Ben Walker’s reflections on VAR invite the observation that VAR’s problem is not the technology (which we love to doubt), or the people who operate it (whom we love to demonise), but the relationship between VAR and the on-pitch referee it is supposed to be helping (LRB, 22 February). VAR’s original sin is surely its insistence that the referee remains sovereign. As Walker says, IFAB guidelines state that VAR ‘may assist the referee only in the event of a “clear and obvious error” or “serious missed incident”’, and that ‘it must not be seen to “re-referee” the game.’ This polite fiction has generated a number of problems: it has done nothing to relieve the pressure on refs from players, for whom outrage is a professional obligation; it has elongated games while refs consult the pitch-side monitor; and it has disenfranchised the ticket-holders in the stands, who are the last to know what’s going on.

In cricket, the introduction of technology has been far less disruptive despite the sport’s ostensible traditionalism. This is partly because the tech is used to make judgments that are objective (the Snickometer’s oscilloscope shows unambiguously whether or not the ball hit the edge of the bat) rather than subjective (does that physical coming together of two players constitute a penalty?). But it’s also because by incorporating technology into its decision-making, cricket has straightforwardly abandoned the fiction of on-pitch sovereignty. When there is doubt over a decision, the umpire is not invited to the boundary to participate in a twelve-angle tutorial on his putative folly; he is simply told in-ear whether he was right or wrong, and to confirm or change his decision accordingly. IFAB insists that the football ref remains in charge, yet Sky Sports reported in January that of the 55 times referees had been ‘advised’ to overturn their decisions in the Premier League this season, they had done so 54 times. If football plainly acknowledged that the true authority now lies upstairs in the VAR booth, players would have less incentive to get in the ref’s face, away fans at a midweek match would have a slightly better chance of making the last train home, and the crowd would be privy to the judicial process along with the rest of us.

Simon Skinner

Vol. 46 No. 8 · 25 April 2024

Simon Skinner makes the case that reviews of refereeing/umpiring decisions work better in cricket than in football, both because the judgments made in cricket are objective and because cricket has abandoned the fiction of the referee’s infallibility.
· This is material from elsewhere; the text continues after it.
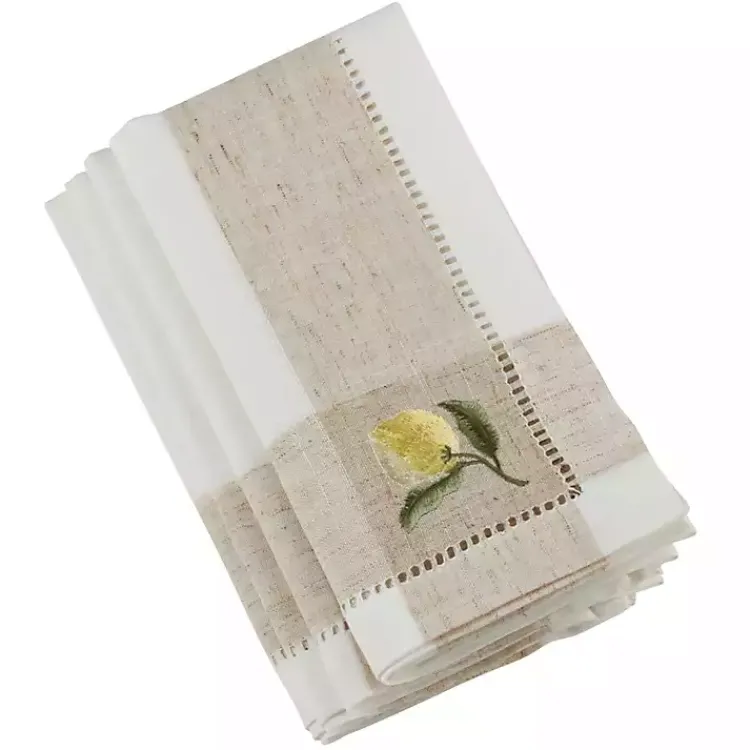 Table Linens-Kirklands Home Tan Hemstitch Embroidered Lemon Napkins, Set of 4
There are two other significant reasons (Letters, 21 March). First, football is a fast-flowing game in which disruptions to the action are generally short, while cricket is a much slower game of which pauses are an integral part. The referral of an umpire’s decision has its own drama, where the team on the receiving end of the initial verdict has fifteen seconds in which to decide whether to use one of its few appeals, and if it decides to do so there is then the drama of the evidence being presented to everyone in the ground on large video screens.

Second, there are few goals in a football match. A poor or contentious decision is likely to affect the final result. In cricket, even though the removal of a leading batter is a significant event, depending on the format there are twenty or forty wickets potentially to be taken in a match, so a single decision isn’t so emotionally charged.